Sexuelle Handlungen zwischen Männern waren seit jeher verachtet, verfolgt und mit dem Tod bedroht. Für lange Zeit galt das auch für sexuelle Handlungen zwischen Frauen. Mit der Einführung des § 175 in das Strafrecht des Zweiten Deutschen Reiches im Jahr 1872 galt ein Totalverbot von sogenannter „Unzucht zwischen Männern“. Alle, auch einvernehmliche Handlungen, wurden mit Geld-, Gefängnis- oder Zuchthausstrafen geahndet. Hinzu kam eine gesellschaftliche Ächtung, die viele Männer zu Opfern von Erpressung machte, die beruflich wie familiär zu schweren Zerwürfnissen führte und die betroffene Personen zum Wegzug oder zur Emigration zwang oder in manchen Fällen zum Selbstmord führte.
Die staatlichen Ausgrenzungs- und Verfolgungsmechanismen verschärfte die NS-Diktatur erheblich. Die willkürliche Einweisung von homosexuellen Männern in Gefängnisse oder Konzentrationslager ohne richterlichen Beschluss sondern aufgrund eines Schutzhaftbefehls begann bereits 1933. Wenig später wurde der § 175 verschärft und alle Hürden, die die Polizei bislang daran hinderten, großflächig Verfolgung aufzunehmen, fielen. Die Verfolgungszahlen stiegen in den folgenden Jahren um das Zehnfache. Es wird geschätzt, dass 140.000 Männer aufgrund des Vorwurfs der „widernatürlichen Unzucht“ zwischen 1872 und 1994 verfolgt und verurteilt wurden, davon allein etwa 70.000 während der NS-Diktatur.
Die im KZ geltende Rechtlosigkeit bedrohte alle Verfolgten. Das System folgte dem Grundsatz der Entindividualisierung und Entsolidarisierung, Menschen galten fortan nur noch als Häftlingsnummer und wurden durch farbige Winkel nach Stereotypen klassifiziert und enthumanisiert. Homosexuelle mussten in der Regel den rosa Winkel auf der Häftlingskleidung tragen. Sie waren damit offensichtlich und schutzlos und sie waren den Vorurteilen der SS und der Mithäftlinge und der im Lager herrschenden Gewalt ausgeliefert. Ausbleibende Solidarität unter den Gefangenen verringerte die Überlebenschancen der Inhaftierten erheblich. Die Todesrate der mit dem rosa Winkel Gekennzeichneten wird auf über 50% geschätzt, sie liegt für das KZ Dachau etwas niedriger.
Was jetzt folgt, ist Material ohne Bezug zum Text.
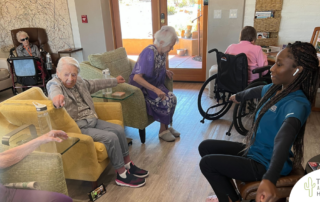 Taking time to move and stretch, like this group of residents and our CarePartner in our facility is, can help those with arthritis.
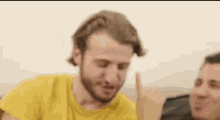 a man with a beard is sitting on a couch with another man and making a funny face .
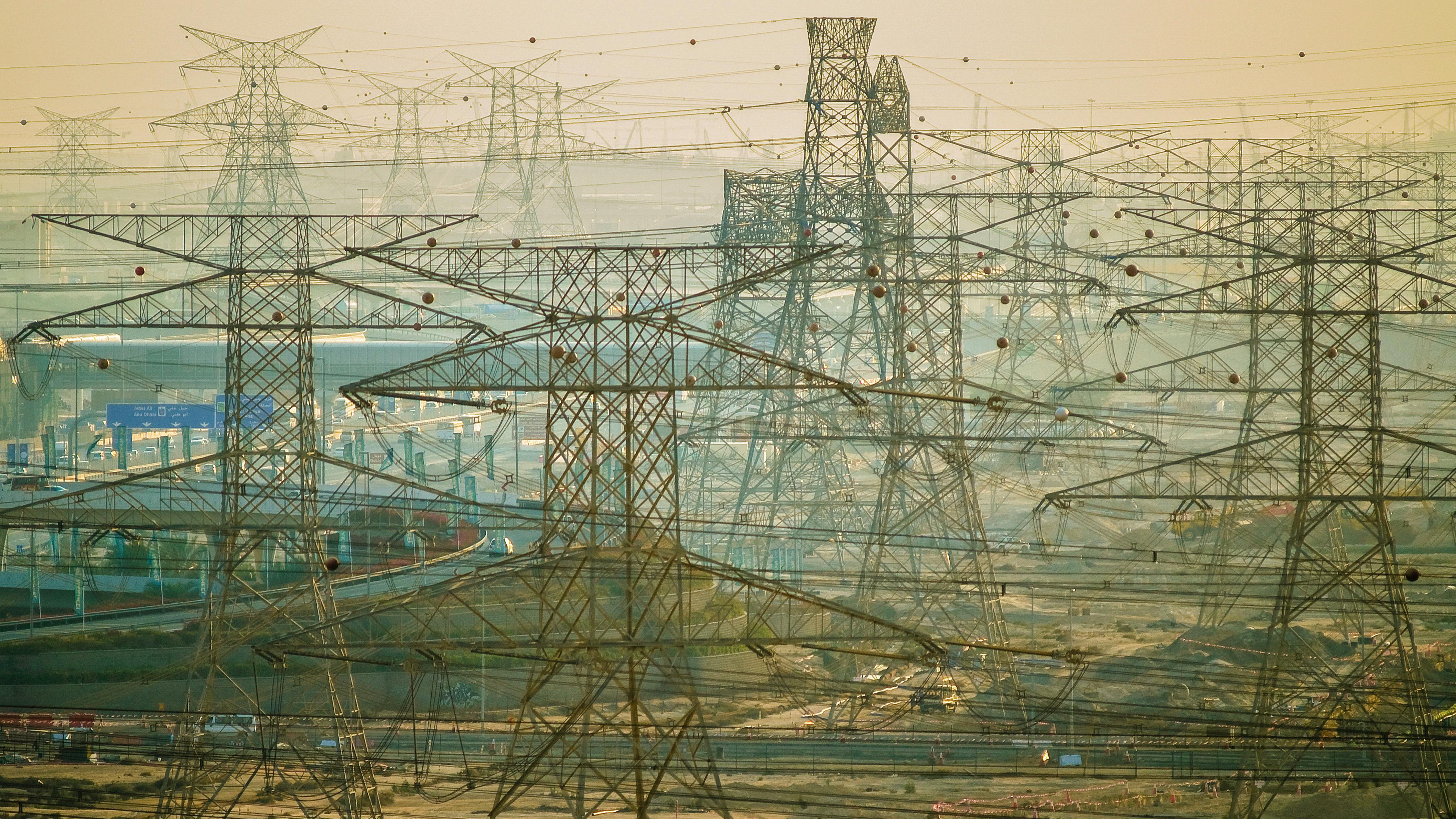 Power lines cross the landscape near Dubai, United Arab Emirates.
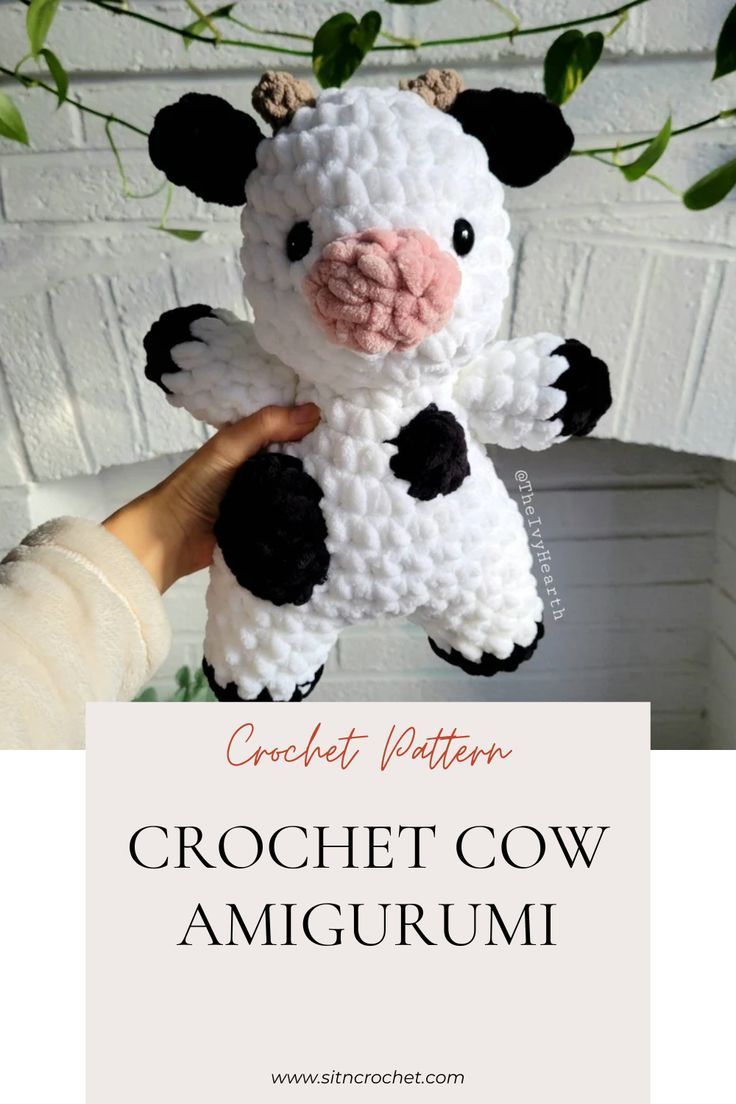 a crochet cow amigurum is shown in front of a white brick wall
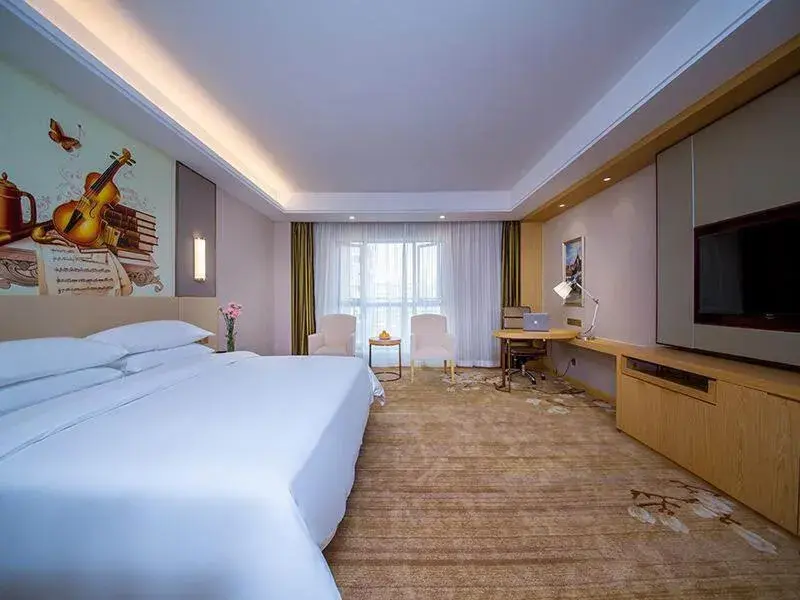 Bed in Vienna International Hotel Yichang Gezhouba Sanxia Culture Tiandi Bed in Vienna International Hotel Yichang Gezhouba Sanxia Culture Tiandi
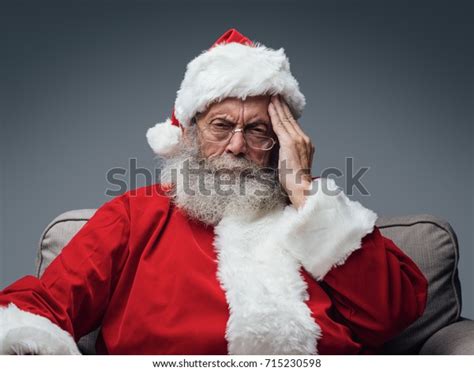 Sad Santa Claus Having Headache On Stock Photo Edit Now 715230598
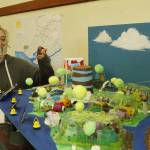 Photo by Kira Erickson/South Whidbey Record
Eighth grader Alicia Jenkins displays the model of Siyá:m, the fictional futuristic city middle school students designed.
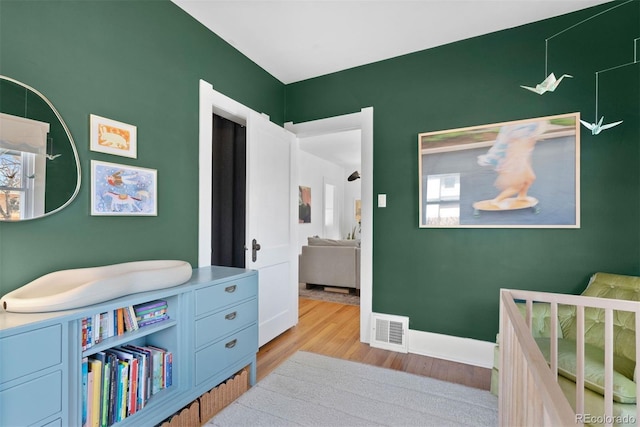 bedroom featuring visible vents, baseboards, and wood finished floors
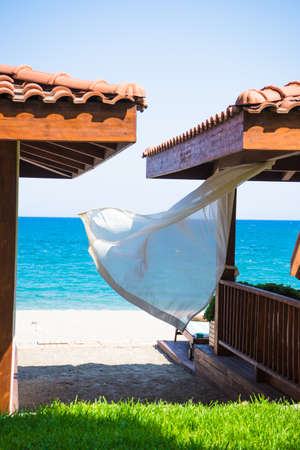 summertime relax on the sand beach with sea waves and beach cabinの写真素材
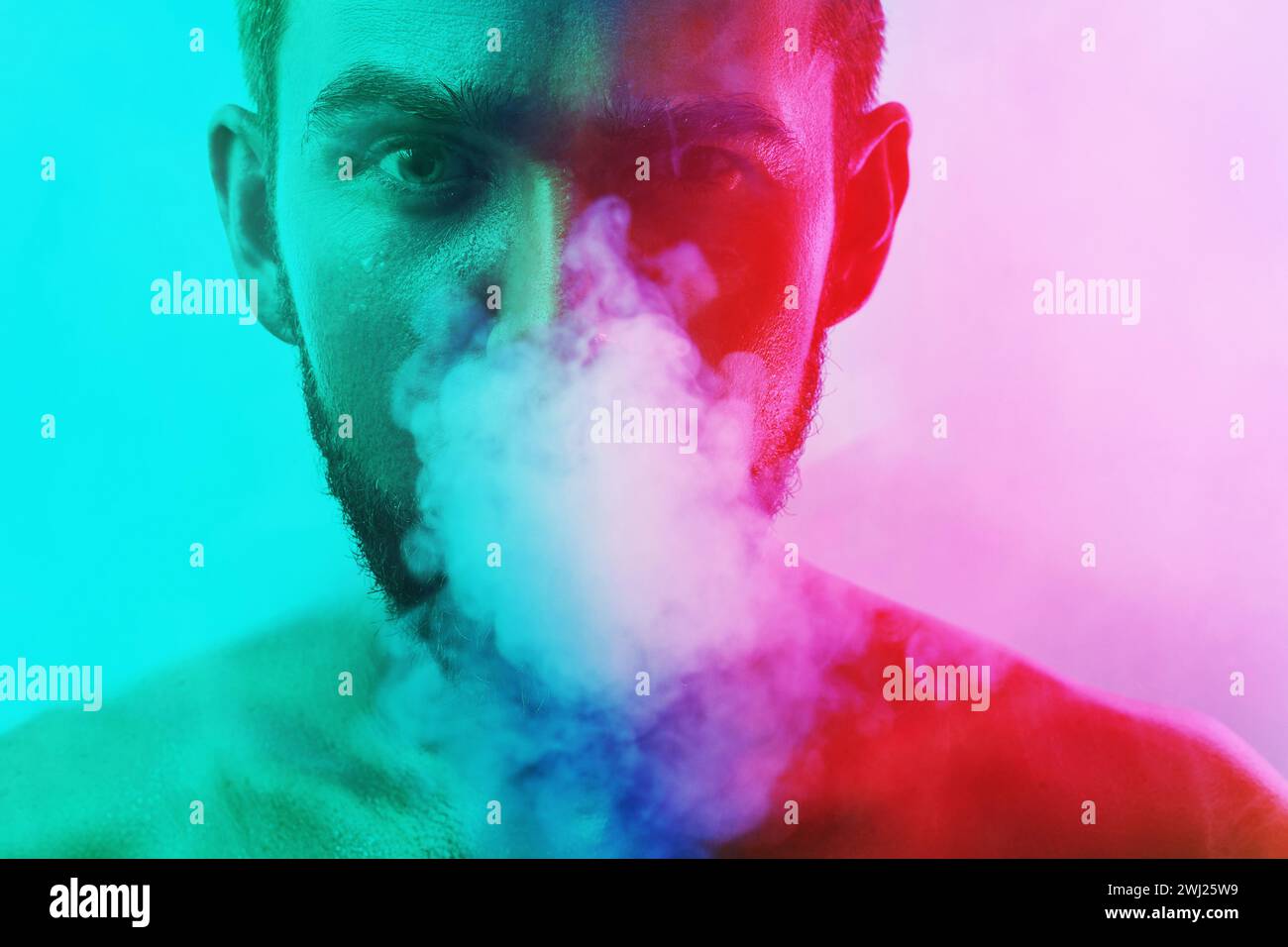 Handsome young man with wet skin in colorful light smoking cigarette or marijuana Stock Photo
Als Beispiel der im KZ herrschenden und durch die brutalen Lagerbedingungen verschärften Umgangsweisen, sei die Aussage eines politischen Dachau-Gefangenen angeführt:
„Die Homosexualität als reine Perversität hat es im Lager schon immer gegeben, befindet sich doch nicht nur in dem das Lager umgebenden SS-Übungslager, sondern zum Teil auch im Konzentrationslager selbst der Abschaum der Menschheit, dem alle Perversitäten geläufig sind.“
So äußerte sich der aus Gelsenkirchen stammende Kommunist Walter Ferber im Januar 1943 bei der Desertierten-Einvernahme gegenüber den Schweizer Behörden, nachdem er bis Oktober 1942 im KZ Dachau inhaftiert war und zum Militärdienst entlassen wurde, aus dem ihm sehr schnell die Flucht über die Schweizer Grenze gelang. Ferber – und mit ihm zahlreiche andere Verfasser von persönlicher Erinnerungsliteratur – lastete es den von der SS geförderten dominanten Kräften im Machtsystem des Konzentrationslagers an, mit ihrer Sogwirkung eine Zersetzung der ethischen Grundsätze innerhalb der KZ-Gesellschaft auszulösen.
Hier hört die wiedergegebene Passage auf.